Scrapy: how to send the items to the site via the api


Now my spiders are sending data to my site in this way:

def parse_product(response, **cb_kwargs):
    item = {}
    item[url] = response.url
    data = {
        "source_id": 505,
        "token": f"{API_TOKEN}",
        "products": [item]
         }
    headers = {'Content-Type': 'application/json'}
    url = 'http://some.site.com/api/'
    requests.post(url=url, headers=headers, data=json.dumps(data))

is it possible to somehow implement this design through a pipeline or middleware, because it is inconvenient to prescribe for each spider?

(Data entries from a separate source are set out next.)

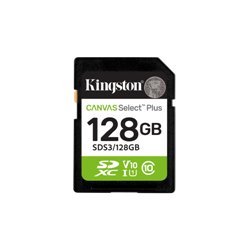 Kingston Technology 128 GB SDXC Canvas Select Plus Gen3 150 MB/s C10 UHS-I U1 V10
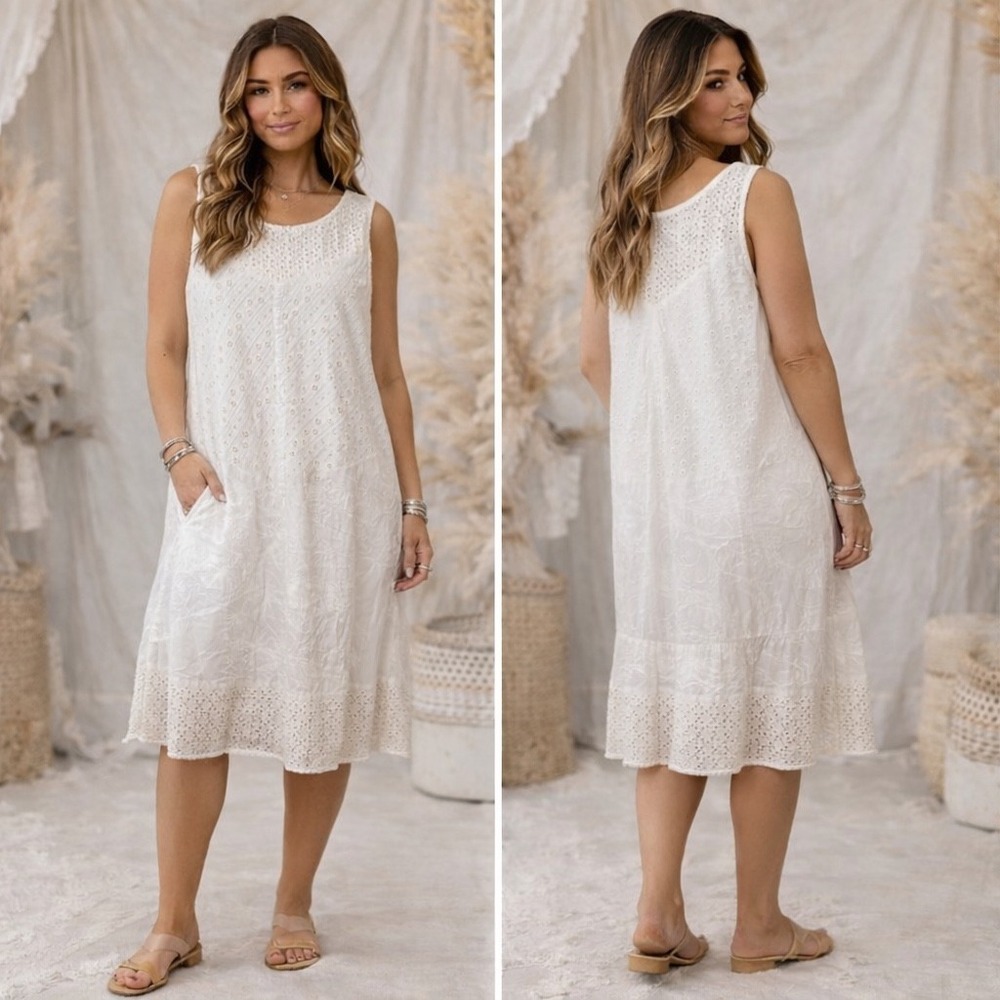 Sundance White Eyelet Embroidered Cotton Boho Cottage Sleeveless Midi Dress 16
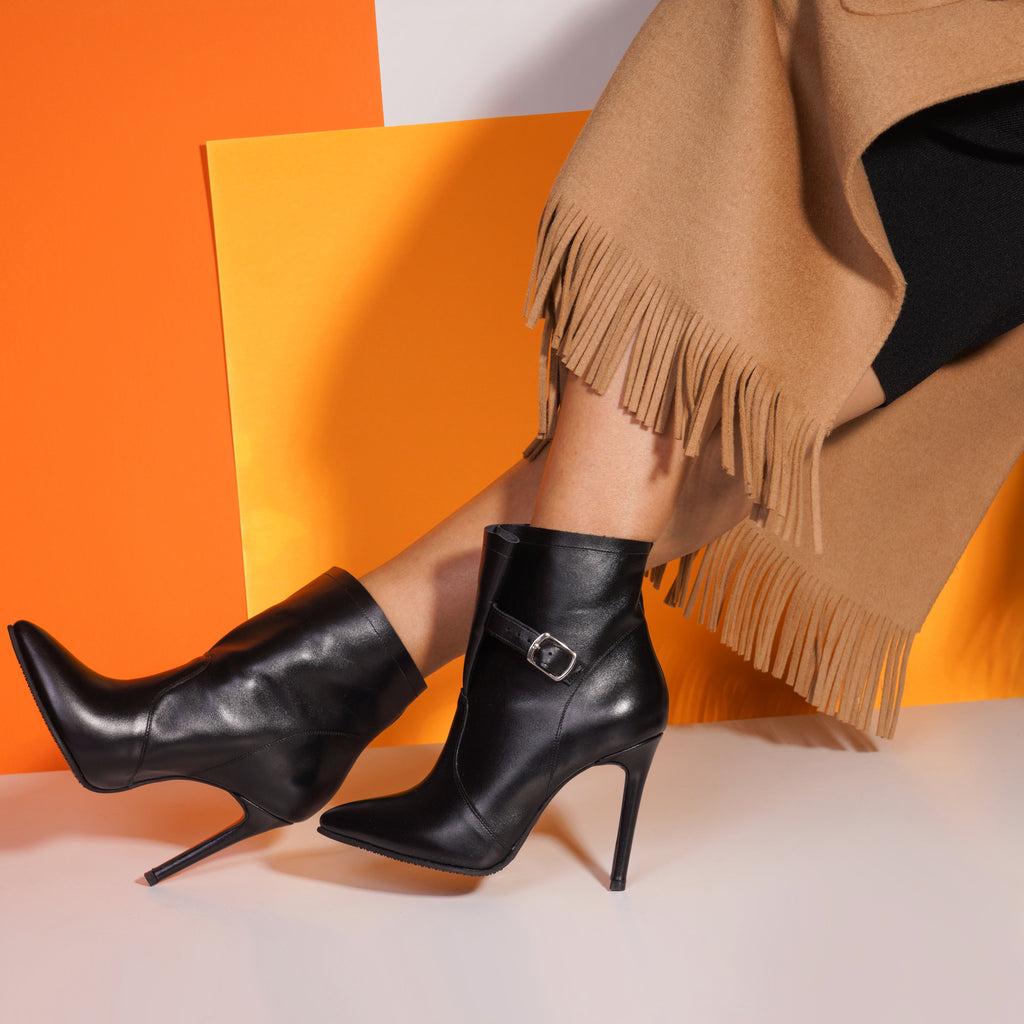 Botine Stiletto Piele Negru Delia L21 - Orice Culoare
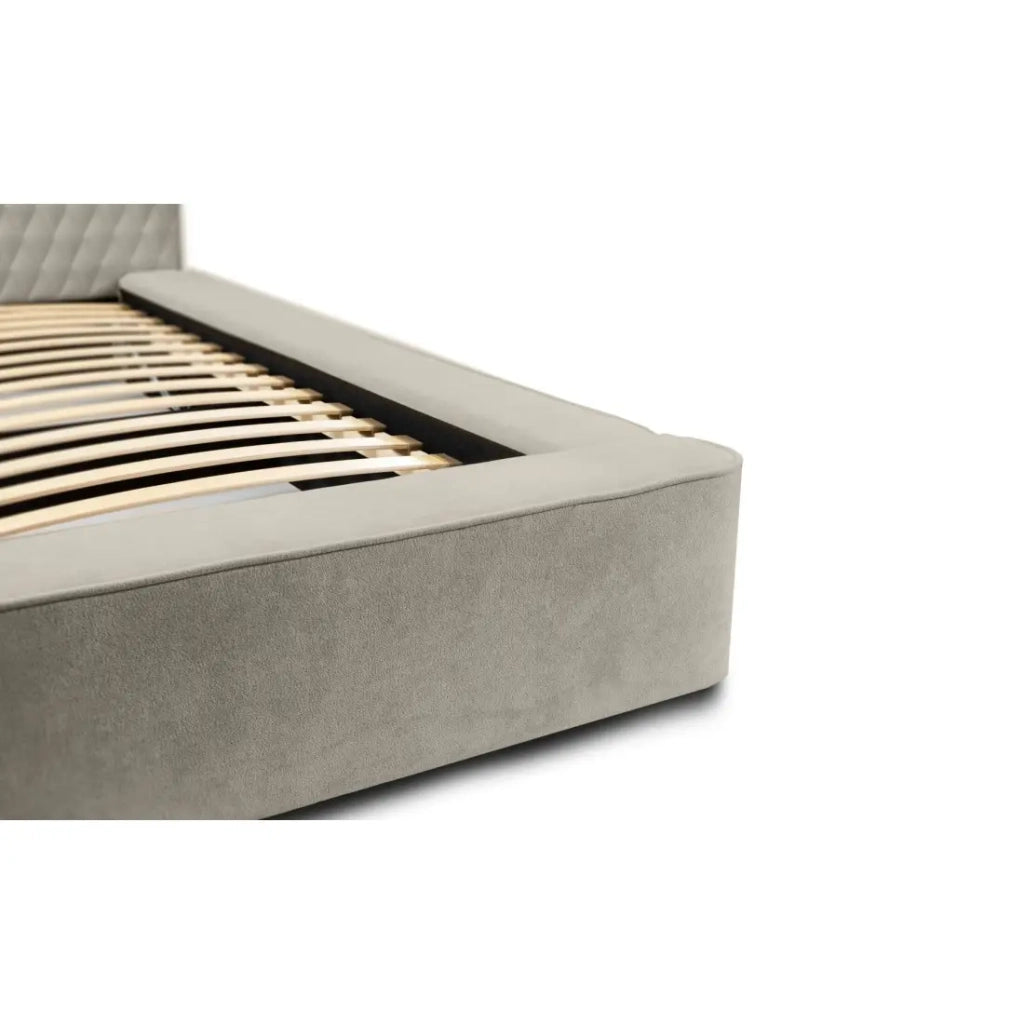 Letto contenitore VERNON – Tessuto bouclé chenille Taupe fumé – 140x200 cm – Rete sollevabile – Design di alta gamma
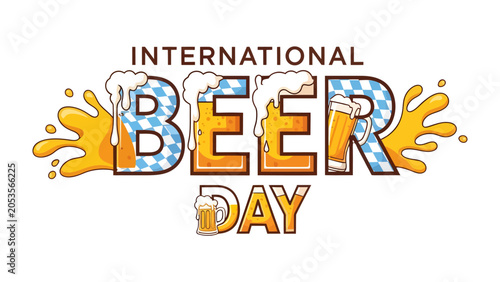 Fotografie International Beer Day Celebration: Vibrant text design featuring the words International Beer Day in a festive, stylized font, adorned with frothy beer splashes and mugs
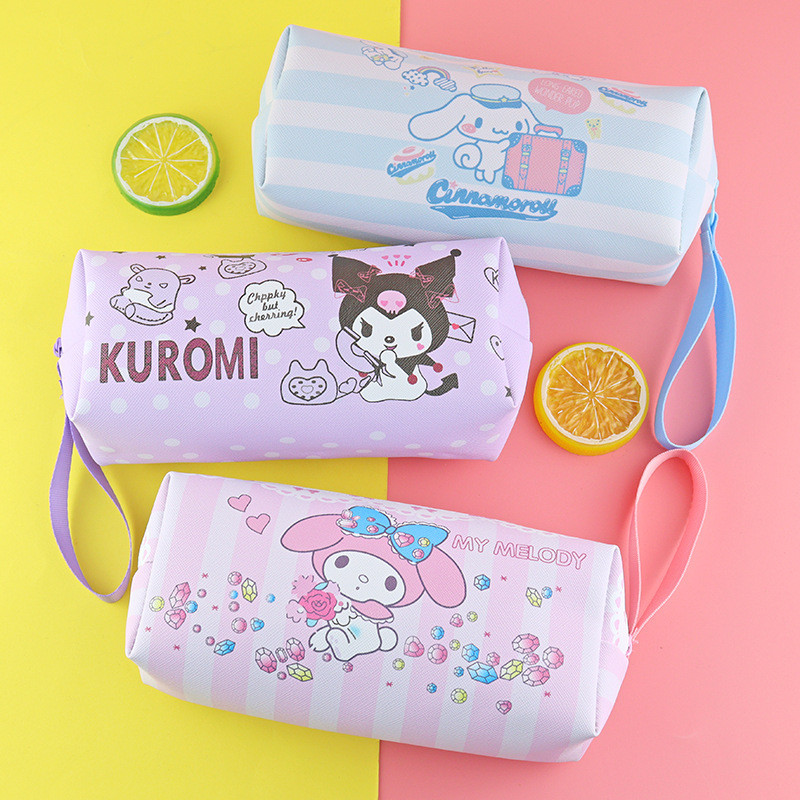 

Sanrio Pencil Case Cinnamoroll Hello Kitty Kuromi Melody Stationery Bag PU Waterproof Pencils Bag Student Pencil Stationery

p.s. the data (data) needs to be sent in the json format (json.dumps(data)), if I make the item = MyItemClass() class, an error occurs...


Solution

  • It can be done using a pipeline fairly easily. You can also use scrapy's Item class and item Field class as long as you cast them to a dict prior to calling json.dumps.

    For Example:

    class Pipeline:
    
        def process_item(self, item, spider):
            data = dict(item)
            headers = {'Content-Type': 'application/json'}
            url = 'http://some.site.com/api/'
            requests.post(url=url, headers=headers, data=json.dumps(data))
            return item
    

    If you use this example it will call it on each and every item you yield from your spider. Just remember to activate it in your settings.py file.